### Records for the exercise

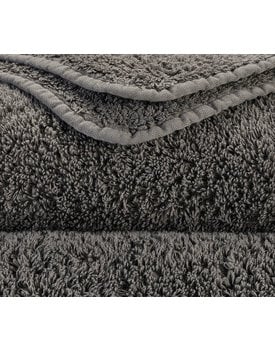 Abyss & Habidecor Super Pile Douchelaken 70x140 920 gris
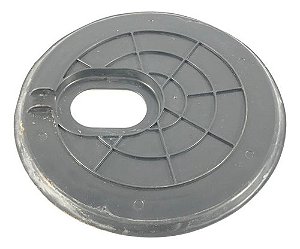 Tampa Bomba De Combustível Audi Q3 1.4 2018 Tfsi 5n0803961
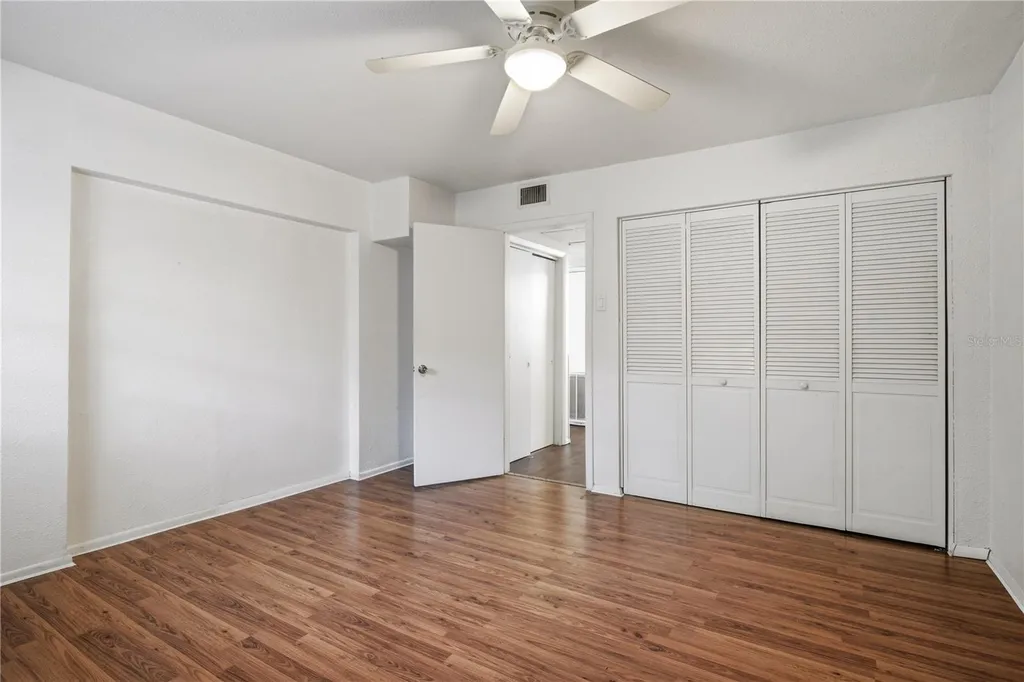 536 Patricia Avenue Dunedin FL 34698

######
### Records for the exercise

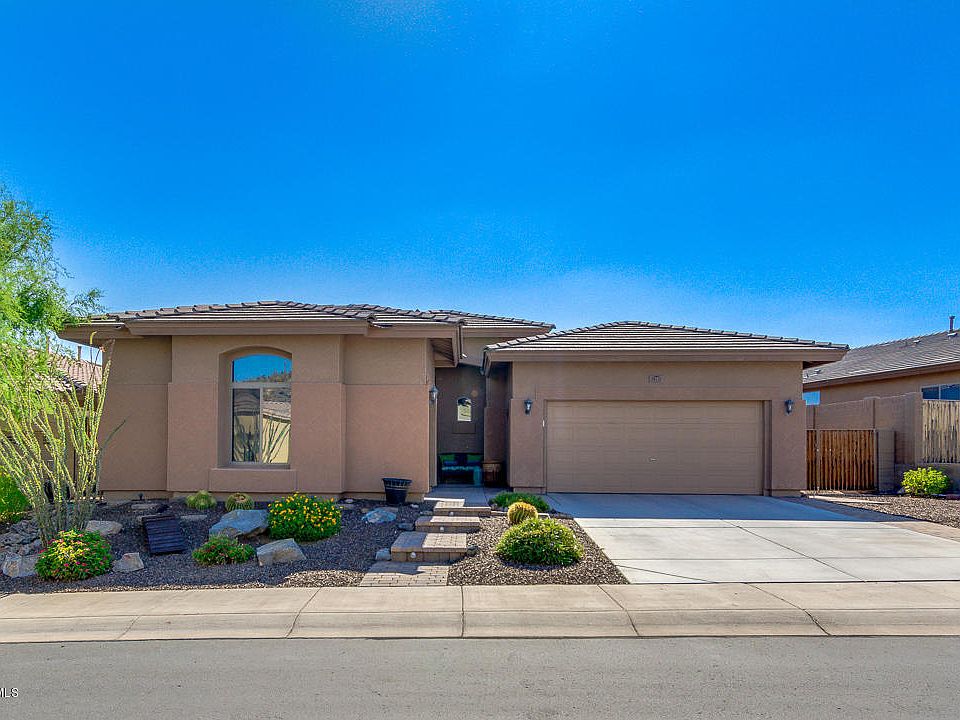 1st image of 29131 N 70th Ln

######
### Records for the exercise

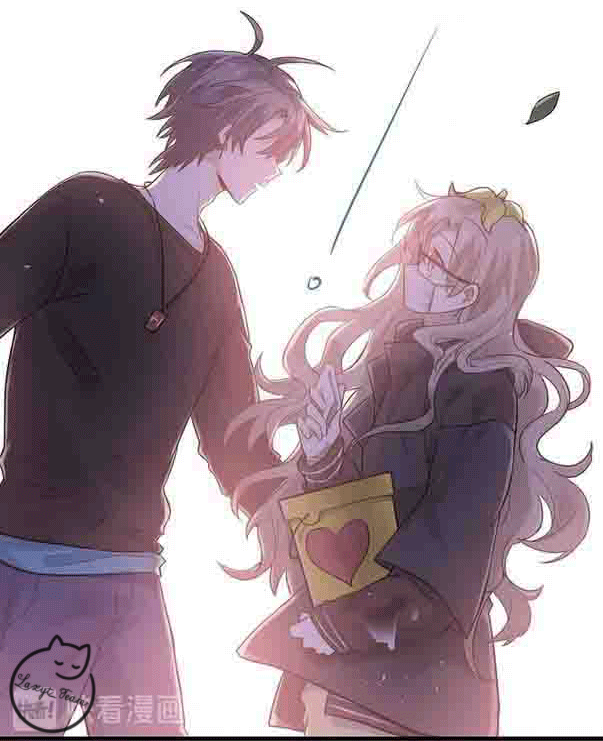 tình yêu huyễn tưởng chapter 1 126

######

What is expected ▸ From the line with "Tampa Bomba De" up to and including the line with "536 Patricia Avenue Dunedin FL 34698" above, retype every line exactly and nothing more; leave out the pictures.

Exercise output ▸
 Tampa Bomba De Combustível Audi Q3 1.4 2018 Tfsi 5n0803961
 536 Patricia Avenue Dunedin FL 34698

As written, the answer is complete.